→ What is required
Write again exactly the lines in the listing below, starting at the line with "Blauw Gebruikt 2022" and ending at the line with "Horsemen of Death", both included. Pictures are not copied.

→ Source material
........
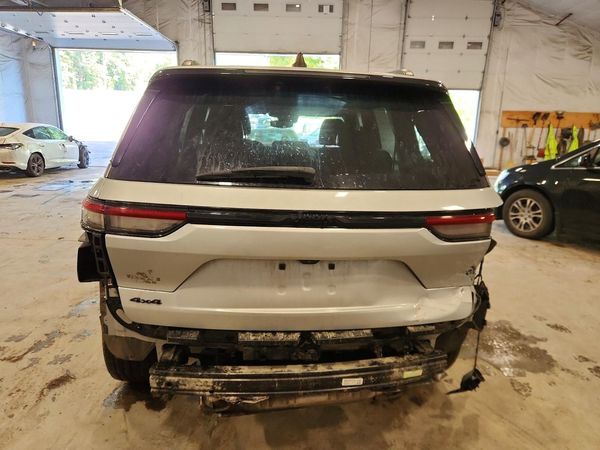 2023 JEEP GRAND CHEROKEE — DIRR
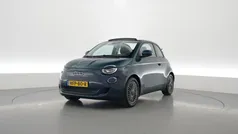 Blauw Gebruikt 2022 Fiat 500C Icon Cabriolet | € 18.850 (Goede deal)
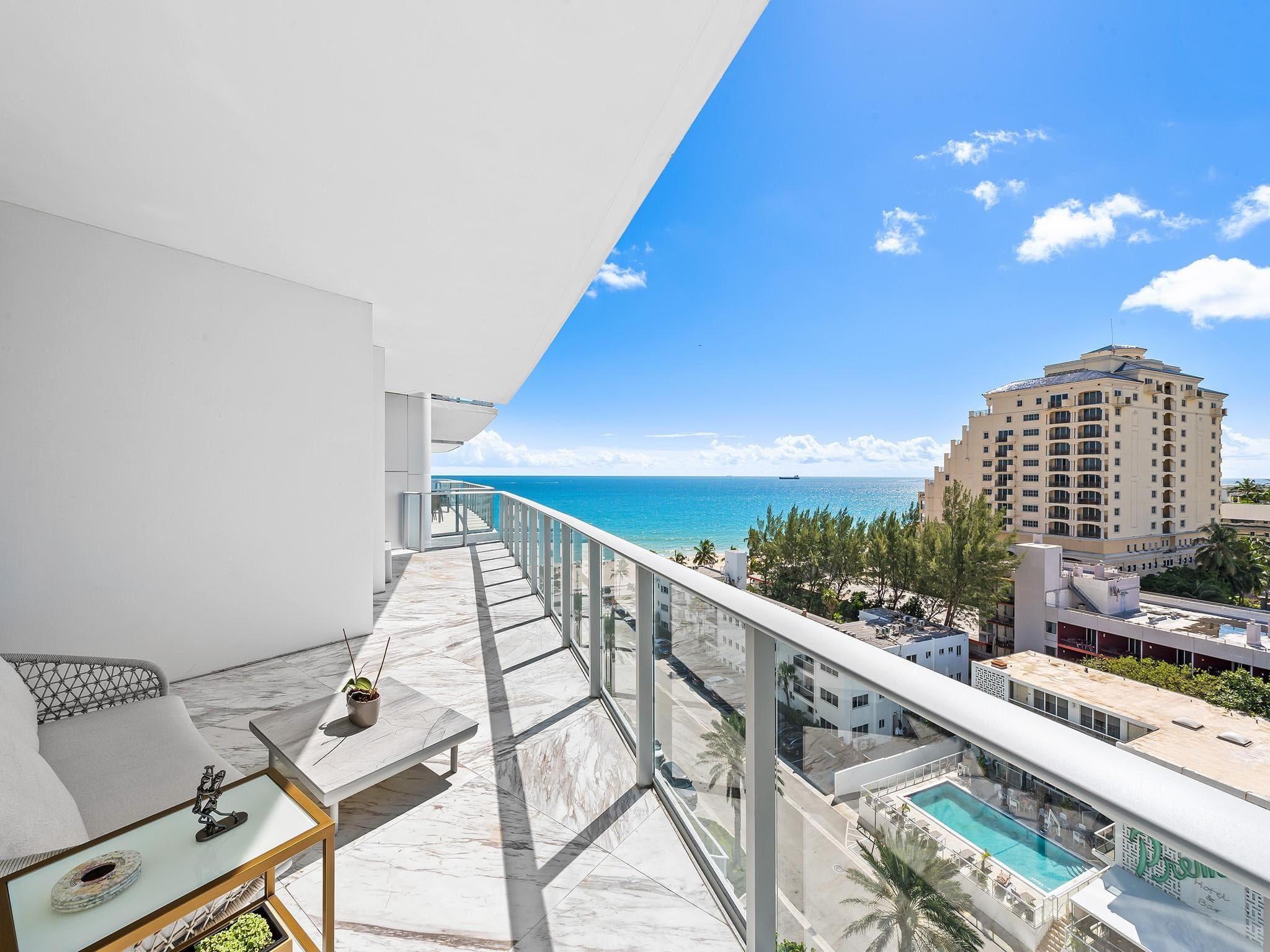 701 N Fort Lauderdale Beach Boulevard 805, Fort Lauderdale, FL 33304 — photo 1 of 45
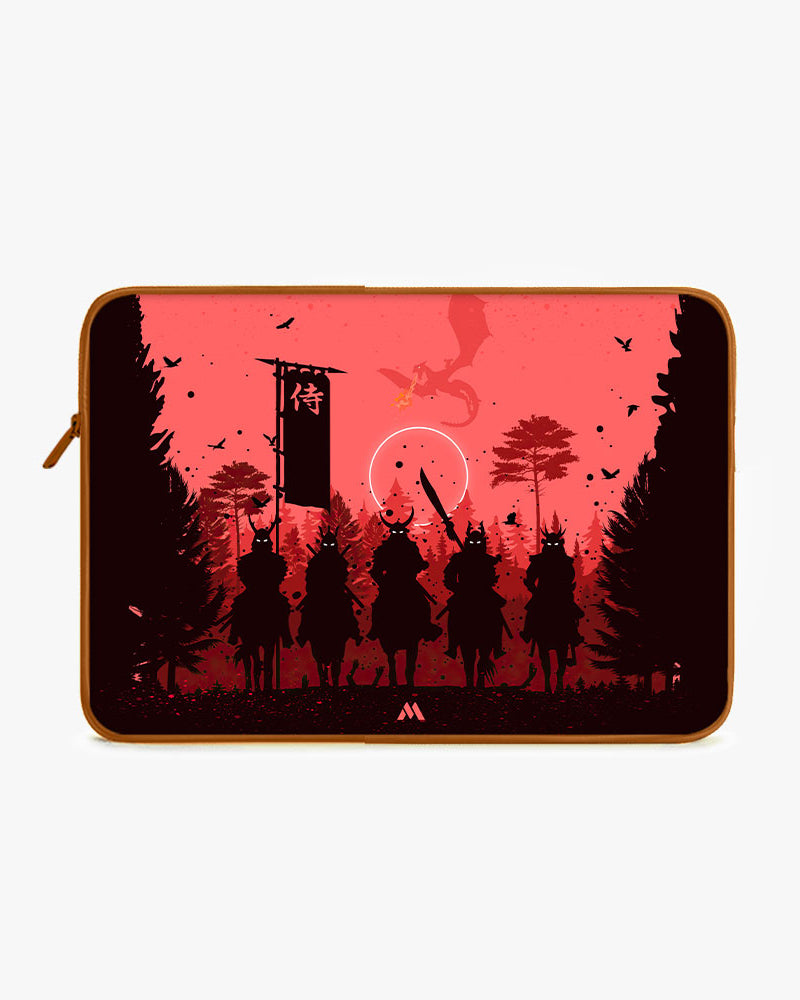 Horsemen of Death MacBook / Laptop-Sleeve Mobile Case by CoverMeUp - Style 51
........
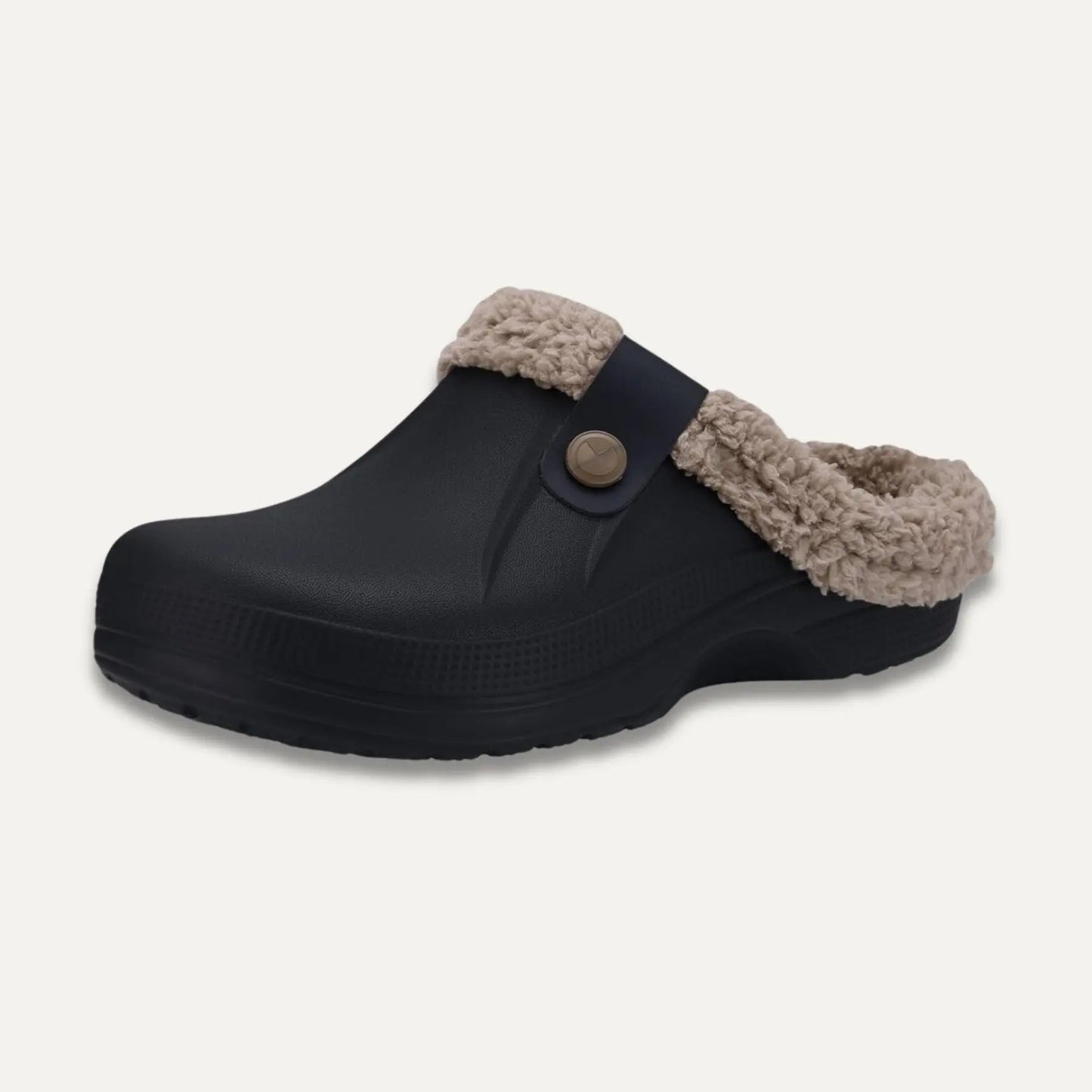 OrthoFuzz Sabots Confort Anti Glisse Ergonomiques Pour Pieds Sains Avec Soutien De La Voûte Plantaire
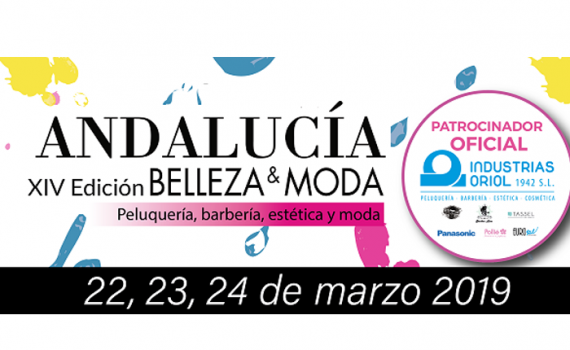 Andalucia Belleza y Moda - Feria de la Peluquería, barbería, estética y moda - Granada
........
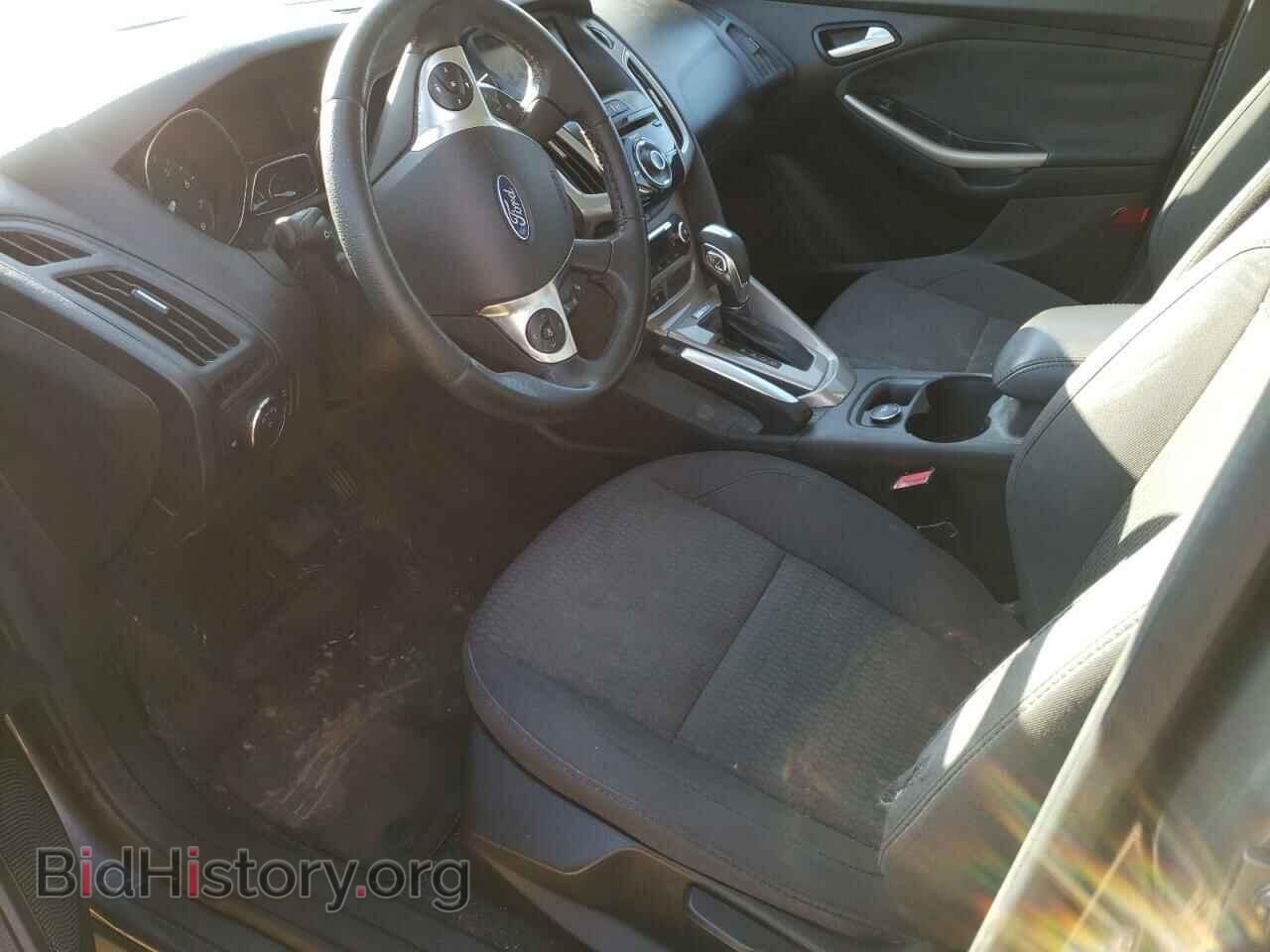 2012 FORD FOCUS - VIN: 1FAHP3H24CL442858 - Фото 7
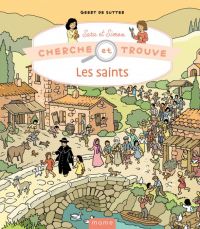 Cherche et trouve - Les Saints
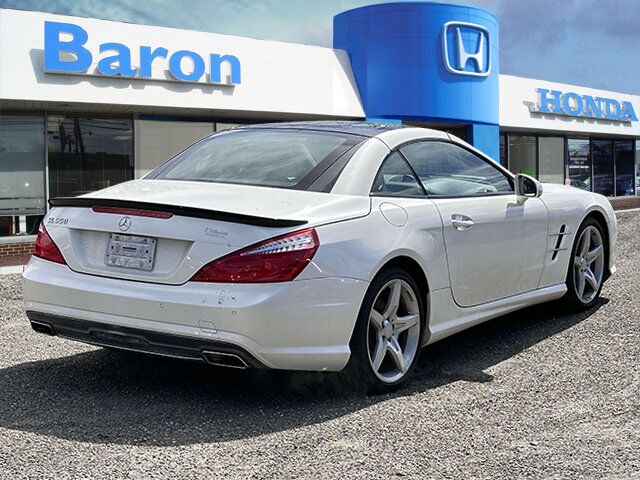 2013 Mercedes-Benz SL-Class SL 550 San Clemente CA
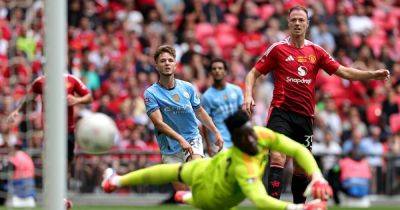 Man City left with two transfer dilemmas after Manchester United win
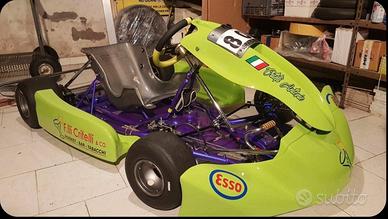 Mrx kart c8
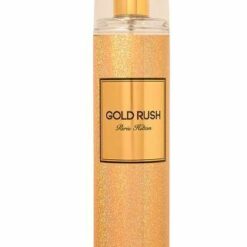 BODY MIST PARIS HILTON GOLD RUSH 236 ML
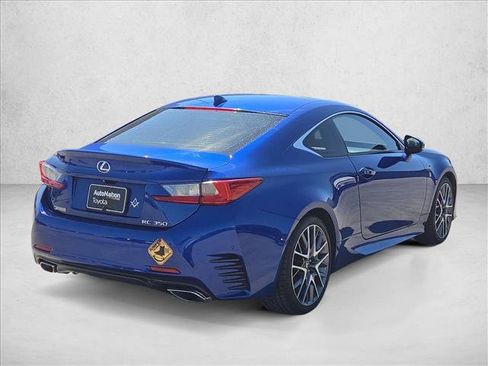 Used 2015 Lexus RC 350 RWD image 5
........
→ Expected answer
 Blauw Gebruikt 2022 Fiat 500C Icon Cabriolet | € 18.850 (Goede deal)
 701 N Fort Lauderdale Beach Boulevard 805, Fort Lauderdale, FL 33304 — photo 1 of 45
 Horsemen of Death MacBook / Laptop-Sleeve Mobile Case by CoverMeUp - Style 51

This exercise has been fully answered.